■ Requirement ■
While copying the entries exactly, leave out each picture they contain.
___ Data listing
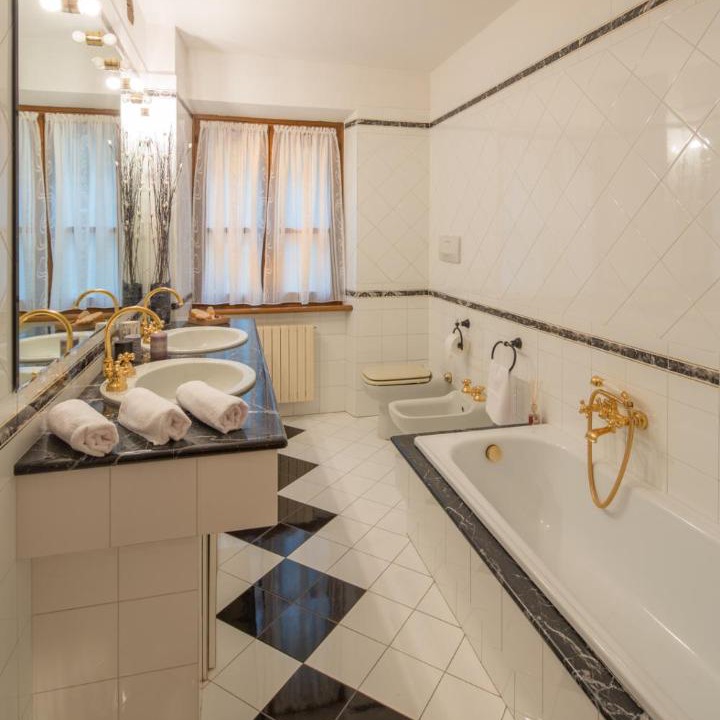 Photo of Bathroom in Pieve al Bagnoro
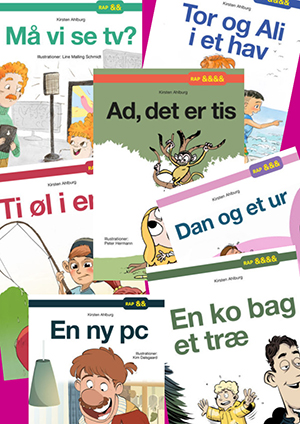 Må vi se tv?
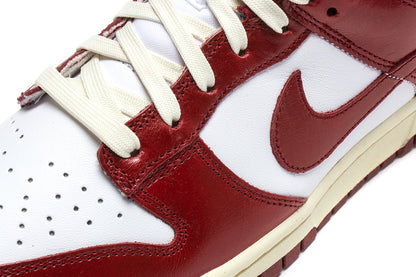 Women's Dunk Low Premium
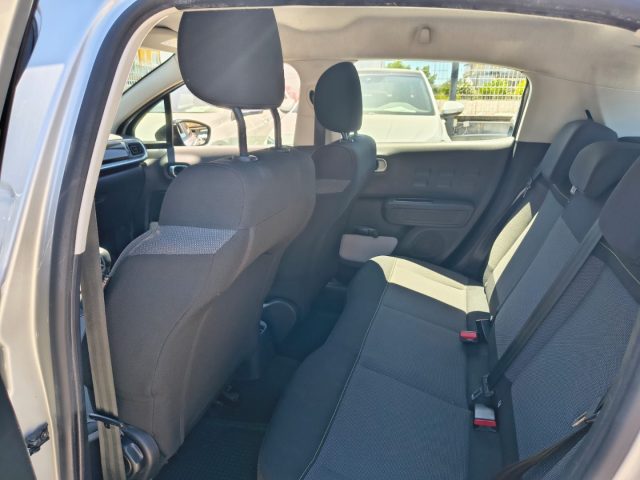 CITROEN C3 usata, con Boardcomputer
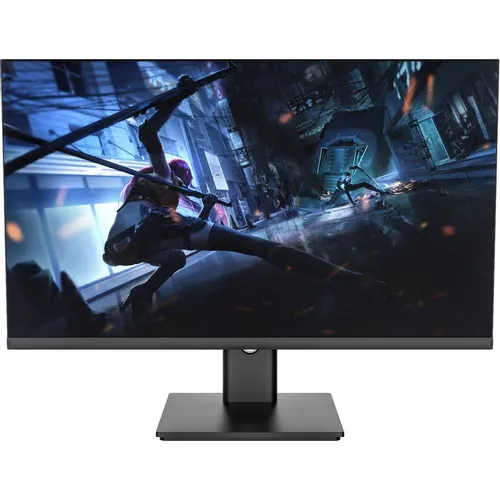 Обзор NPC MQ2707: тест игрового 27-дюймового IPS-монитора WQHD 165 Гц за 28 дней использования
______
■ Exercise solution ■
 Photo of Bathroom in Pieve al Bagnoro
 Må vi se tv?
 Women's Dunk Low Premium
 CITROEN C3 usata, con Boardcomputer
 Обзор NPC MQ2707: тест игрового 27-дюймового IPS-монитора WQHD 165 Гц за 28 дней использования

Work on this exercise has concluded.